**About this task**
Do any lines in the data below contain "Hotel"? If so, copy every one of them.

**Data excerpts**
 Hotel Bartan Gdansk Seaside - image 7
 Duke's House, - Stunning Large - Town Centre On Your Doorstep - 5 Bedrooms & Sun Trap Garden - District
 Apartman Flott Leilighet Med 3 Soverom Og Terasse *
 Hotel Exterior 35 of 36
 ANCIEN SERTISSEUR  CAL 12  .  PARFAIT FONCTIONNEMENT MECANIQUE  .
* * *
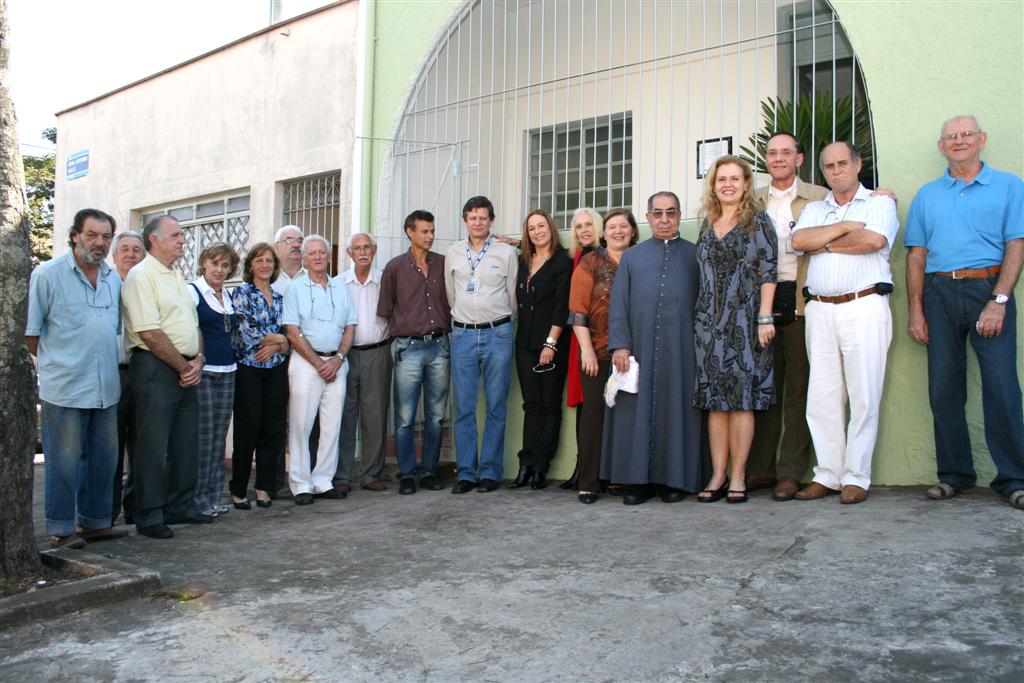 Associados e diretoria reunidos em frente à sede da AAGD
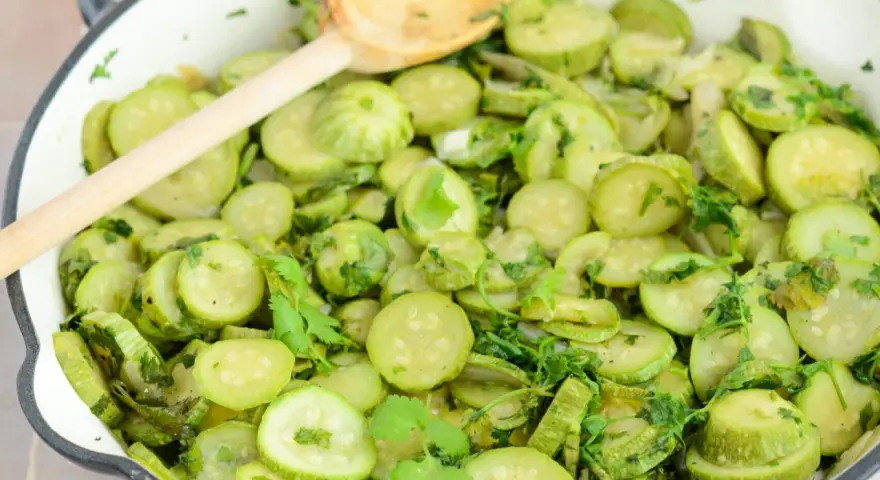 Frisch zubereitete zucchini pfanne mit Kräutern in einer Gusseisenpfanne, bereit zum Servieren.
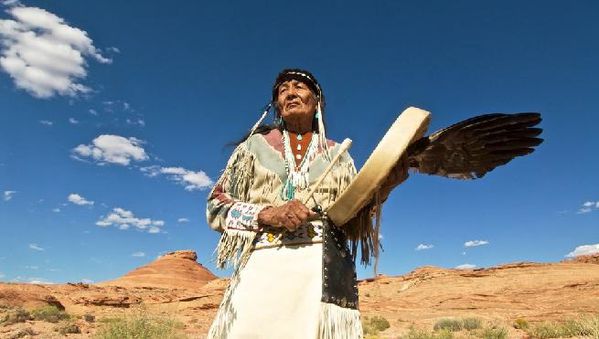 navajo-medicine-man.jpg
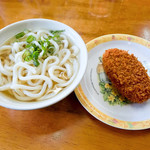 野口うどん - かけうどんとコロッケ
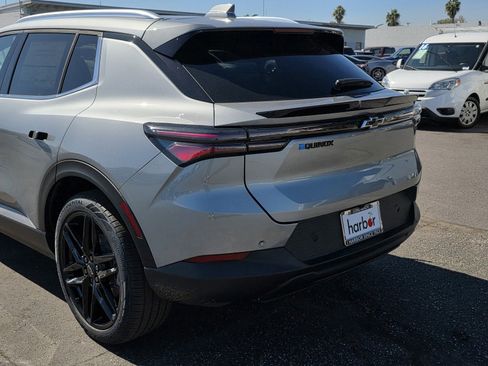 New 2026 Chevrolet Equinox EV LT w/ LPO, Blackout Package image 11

**Answer space**
 Hotel Bartan Gdansk Seaside - image 7
 Hotel Exterior 35 of 36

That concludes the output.